Surface Transforms PLC – Trading Update

Surface Transforms PLC – Trading Update

Surface Transforms (AIM:SCE) provides the following trading and operational update for the year ending 31 May 2019 (“FY19”). 

The Board is frustrated to advise that progress on its compensation claim for delays on SOP with OEM6 have not concluded. Given the timing of Surface Transforms’ financial year end, revenues of approximately £250k that had been budgeted in FY19 are now expected to fall in FY20.  In addition, the OEM 6 production schedule has also been revised, with the build rate being loaded to the second half of the 2020 calendar year, therefore deferring FY20 revenues into FY21. However, the delayed compensation claim and phasing will have no impact on the lifetime revenues of the contract and the total number of cars to be built remains unchanged  

Separately, the Company has three near-OEM customers who have each recently suffered either delayed start of production (“SOP”) and/or production problems; This deferment of revenues by OEM 6 and these near OEM customers, as well as increased de stocking by aftermarket distributors (for Surface Transforms’ retrofit market) mean the Board now expects to report revenue in FY19 of approximately £1.0 million.  

The Company continues to have confidence in the significant potential of the near-OEM segment, none of the delayed sales have been lost.
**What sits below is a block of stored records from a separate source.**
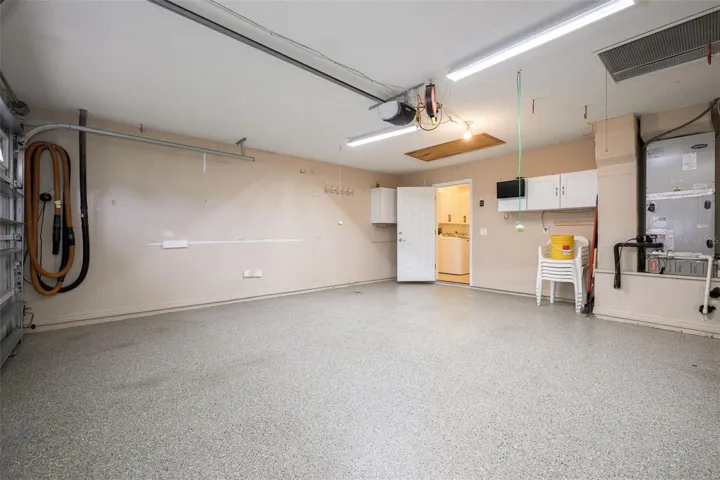 Garage with Shark Coated floor & Central Vac System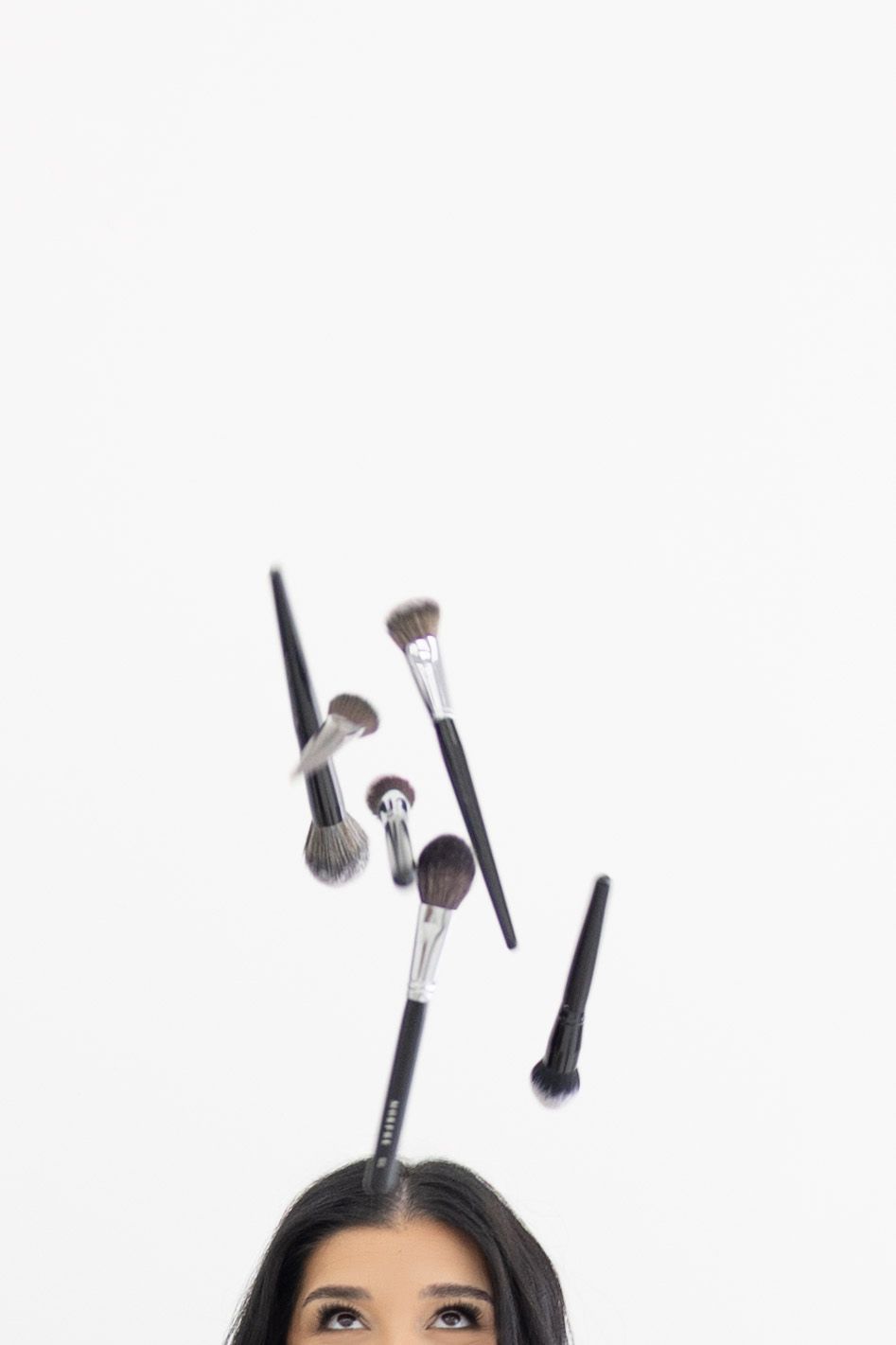 Woman looking up at falling makeup brushes on white background, beauty tools floating mid-air in creative cosmetics concept.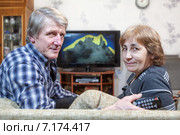 Пожилая пара сидит на диване перед телевизором и смотрит, обернувшись назад. Стоковое фото, фотограф Кекяляйнен Андрей / Фотобанк Лори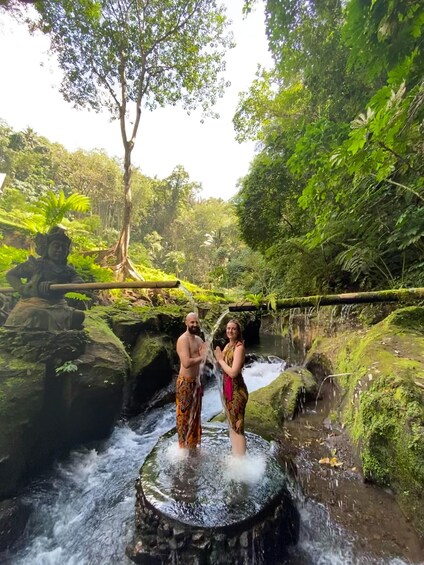 Two people standing in a natural water feature surrounded by lush greenery. 1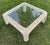 A Classic Boho modernist cocktail table circa 1970s. It features woven rattan with inlaid glass. Very clean and ready to...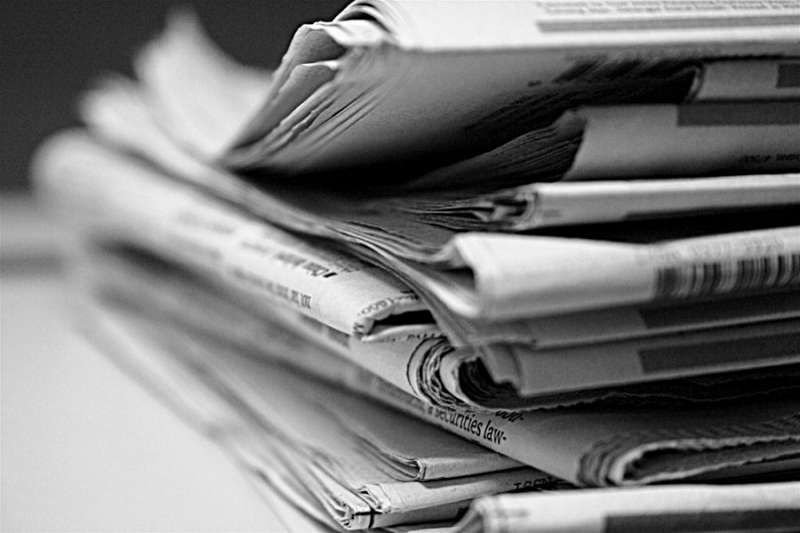 Stack of newspapers. Credit: Jason de Villa via Flickr (CC BY-NC 2.0) black and white added CNA.
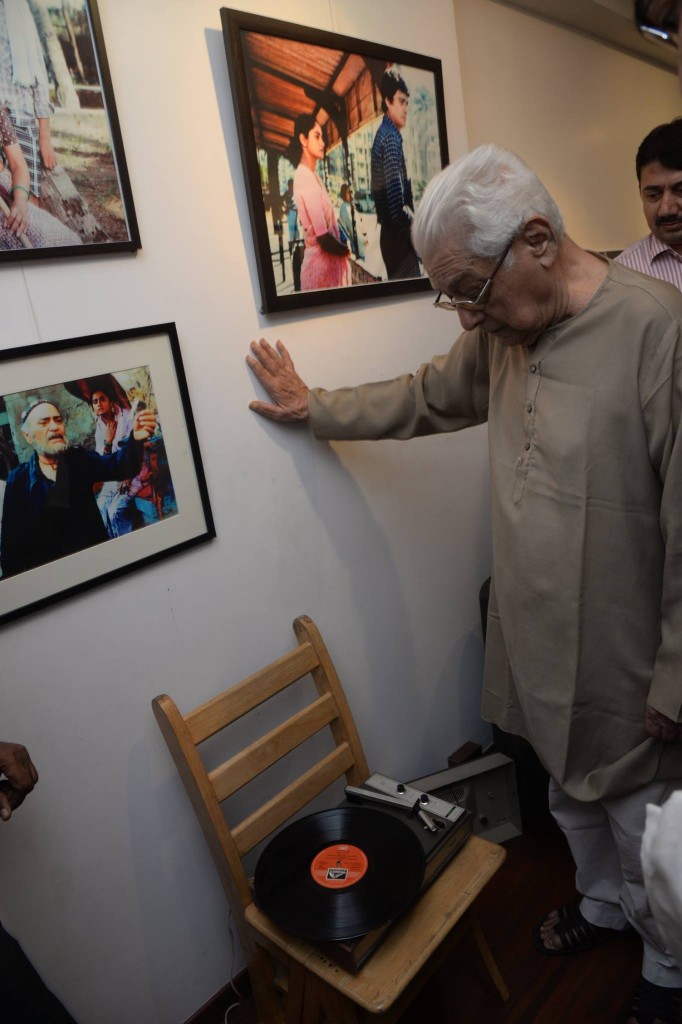 Basu Chatterji listening to an original LP record of one of his films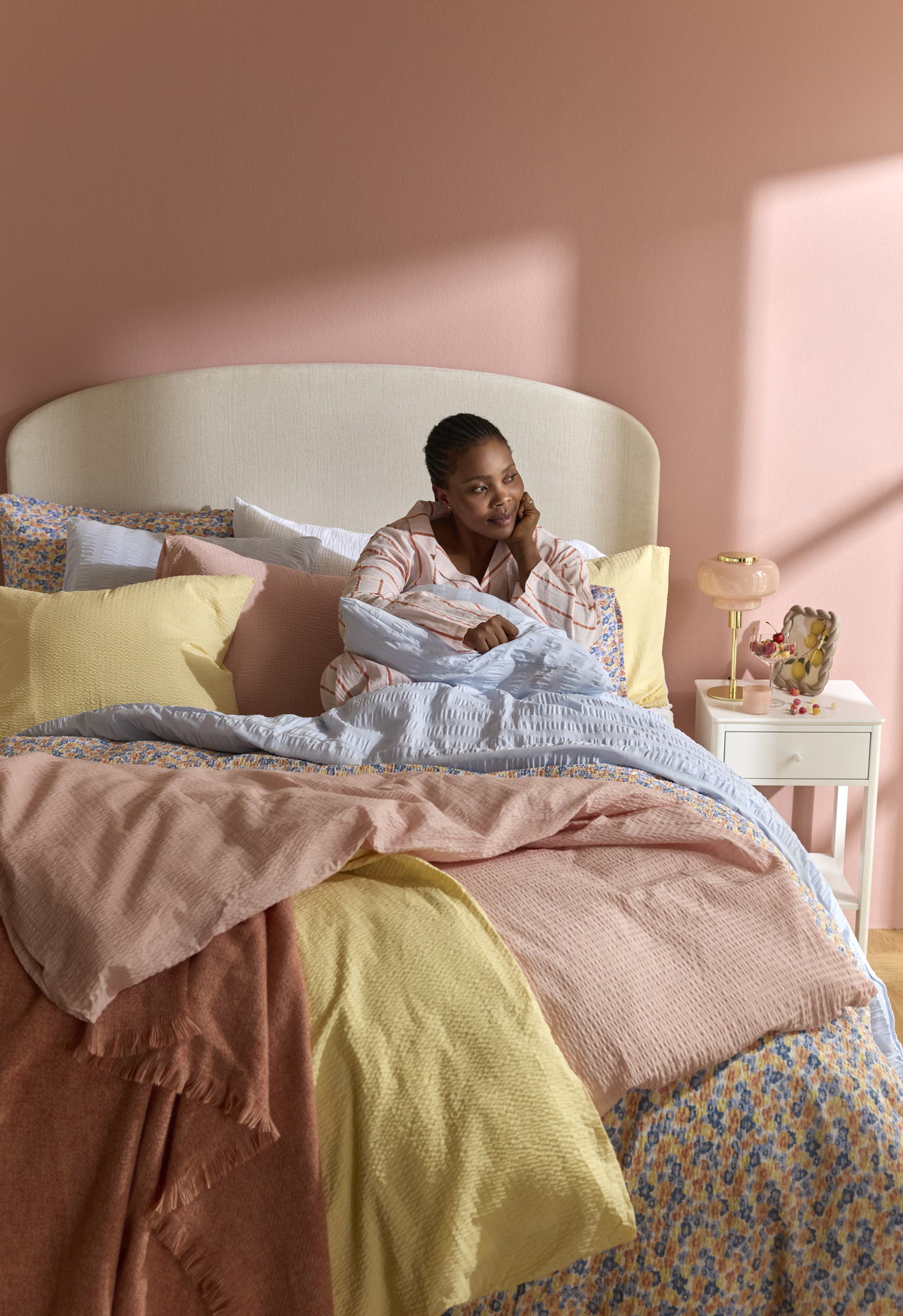 Kvinna sitter upp i säng med färgglada sängkläder i vårliga färger och ljusrosa vägg.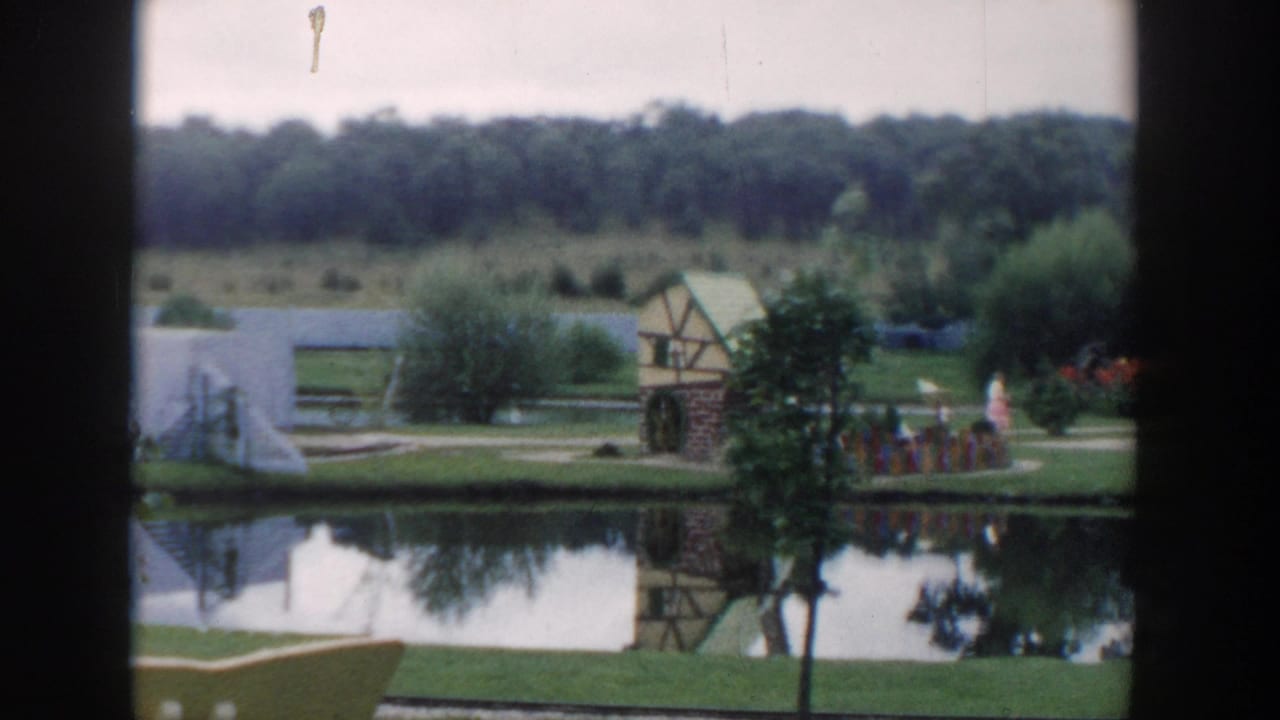 1954 Wisconsin Dells miniature-golf scene with a reflective pond, decorative mill, landscaped paths, and small distant figures.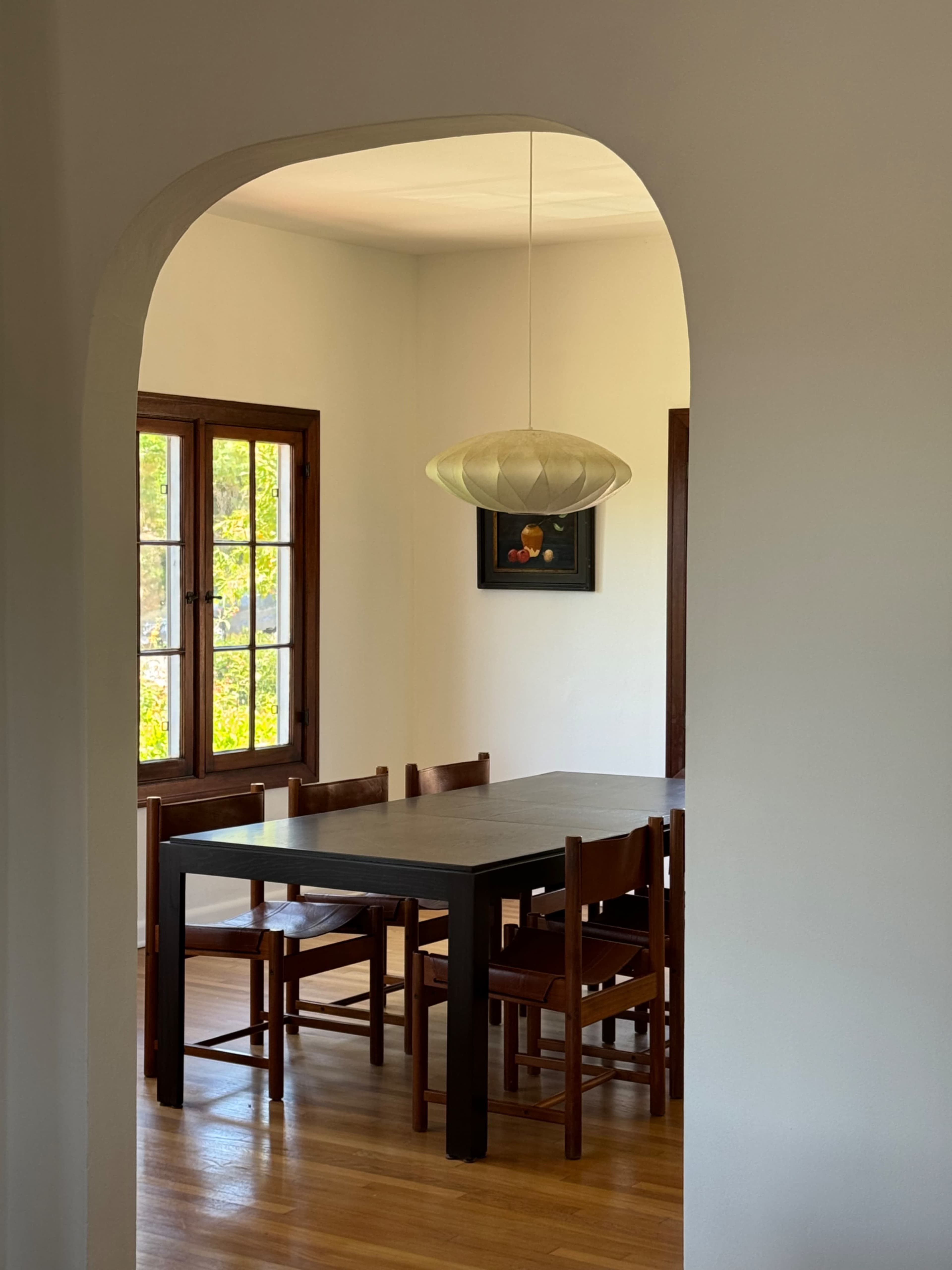 A dining room features a table surrounded by wooden chairs, illuminated by a pendant light, with large windows letting in natural light.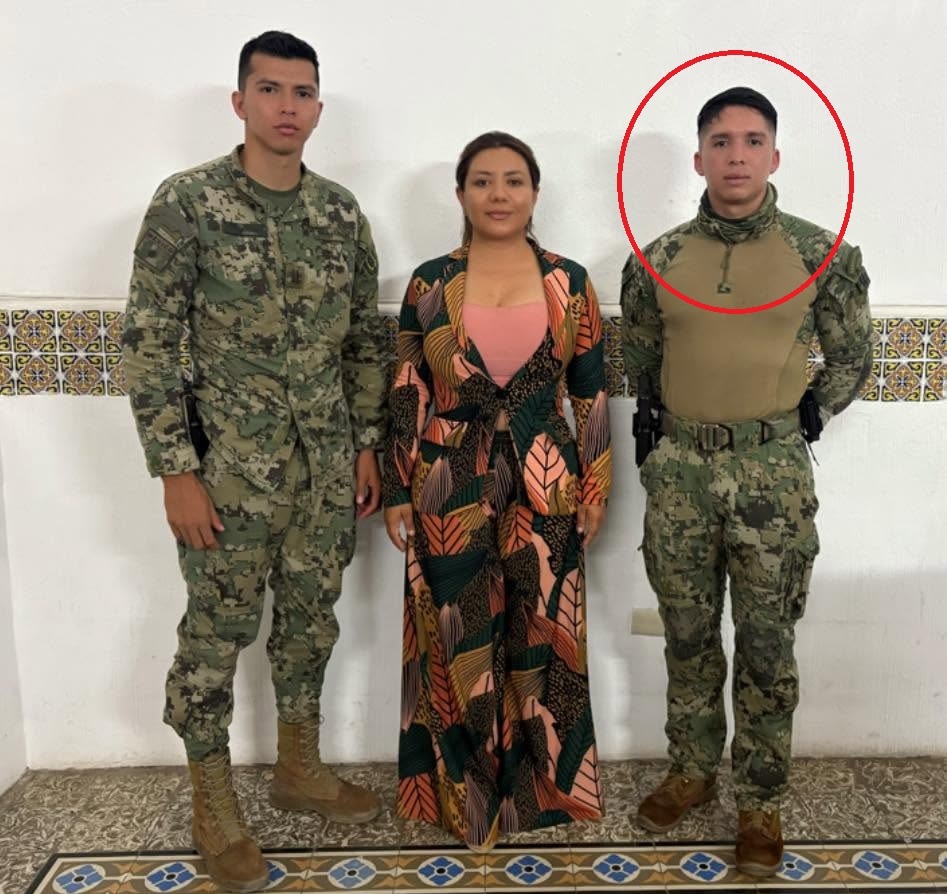 Mujer posa para una fotografía junto con dos hombres con traje militar.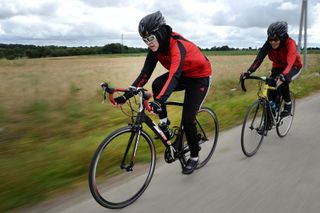 Afghanistans riders Masomah R and Zahra Alizada L take part in a cycling training session on June 28 2017 in Guehenno western FranceMasomah and Zahra Alizada two Afghan refugees passionate about cycling and in danger in their country of origin were welcomed in Brittany by the French family of Thierry Communal Their dreams participate in the Olympic Games in Tokyo in 2020 and become the first Afghan women medallists AFP PHOTO JEANSEBASTIEN EVRARD Photo credit should read JEANSEBASTIEN EVRARDAFP via Getty Images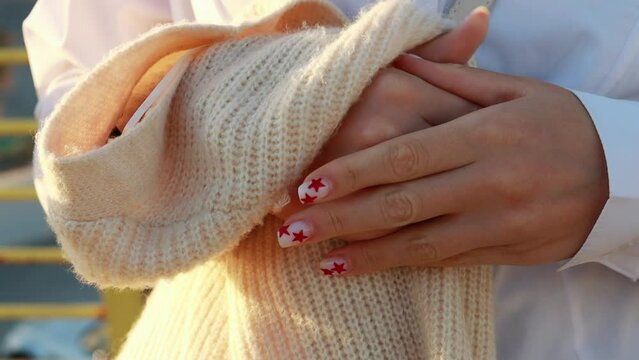 Girl hands close-up, girl holding white jacket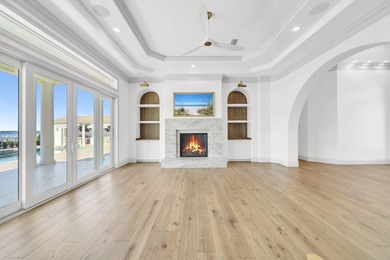 Welcome to 6 Sunset Beach Place, an extraordinary bay front on Golf Club at Bluewater Bay Resort in Florida - for sale on GolfHomes.com, golf home, golf lot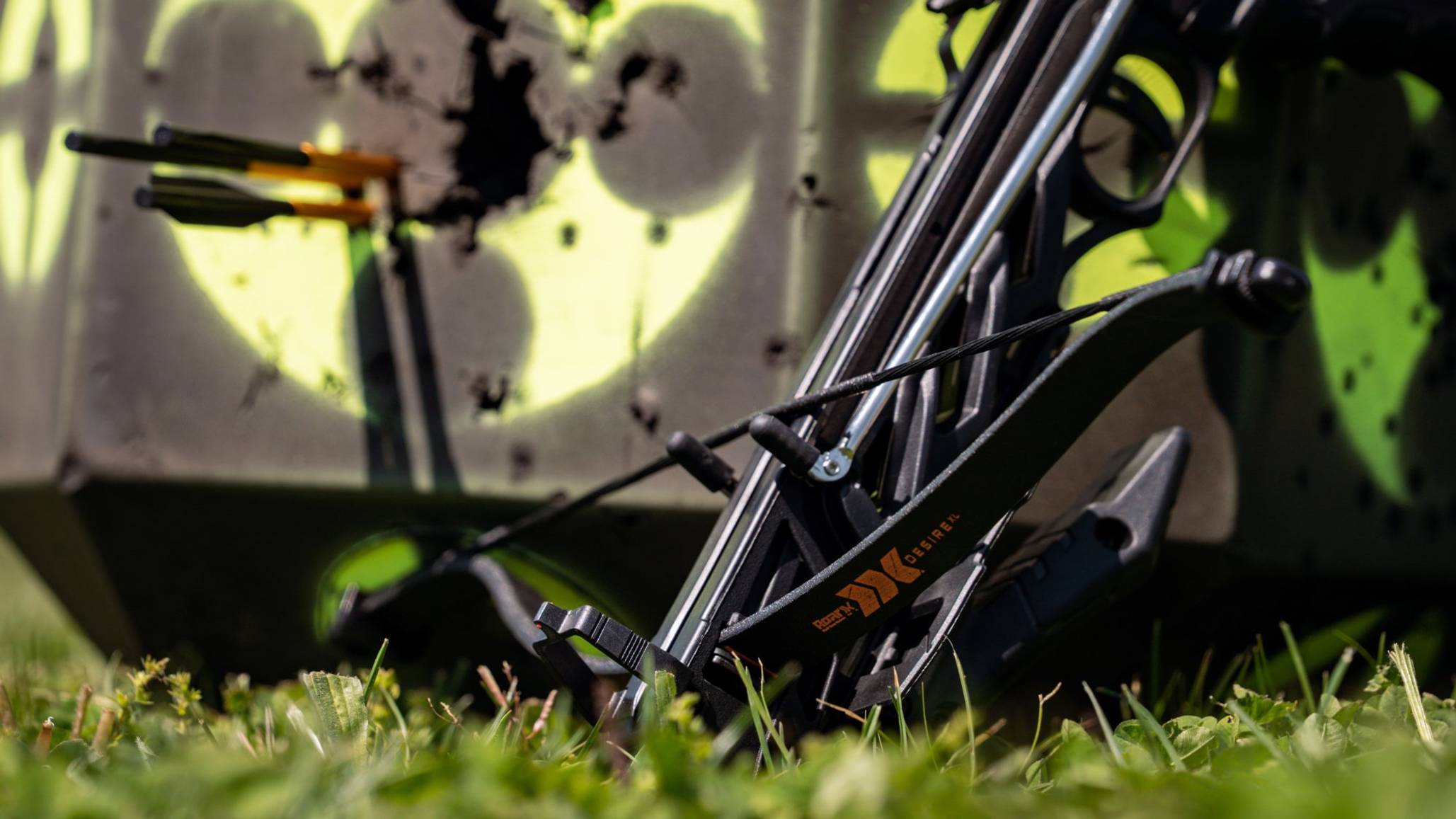 Close up of the Bear X Desire XL pistol crossbow leaning in front of crossbow bolts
However the consistent experience of late SOP and  production delays is causing the Company to review the near-OEM FY20 forecast, which hazards £350k of previously forecast FY20 sales.

Surface Transforms continues to believe that it will be able to announce positive developments on programmes with OEM 5 and the new model at OEM 6  within the next few months. 

As previously reported in the Company’s Half Year Results on 26 February 2019, in respect of the Company’s aerospace activities, management continue to await the outcome of discussions between the landing gear manufacturer, airframe builder and the US DOD on the Company’s request for pre-funding before undertaking any further work on the project.  The Board had previously budgeted £200k revenue in FY20 from this project.  Whilst discussions continue, given the time elapsed already, the Board consider it prudent to remove this income from current forecasts. 

Kevin Johnson CEO commented “it is always disappointing to be reducing guidance but it is important to stress that none of the above impacts the future potential business with OEM 5 or OEM 3 or the new model at OEM 6. Furthermore the bulk of the changes do not reflect any changes to our ambitions or longer-term expectations in the aircraft or  near OEM-market. The Company continues to see a significant business in both segments and will continue to vigorously pursue these opportunities.

“We have modelled the cash on these reduced forecasts and cash at 31 May 2019 is expected to be approximately £1.9m and thanks to the recent  equity fundraise has headroom to reach the period of cash break even, now mid calendar 2020. 

“We continue to believe that we will be able to announce progress on OEM 5 and the new model at OEM 6 in the near future.”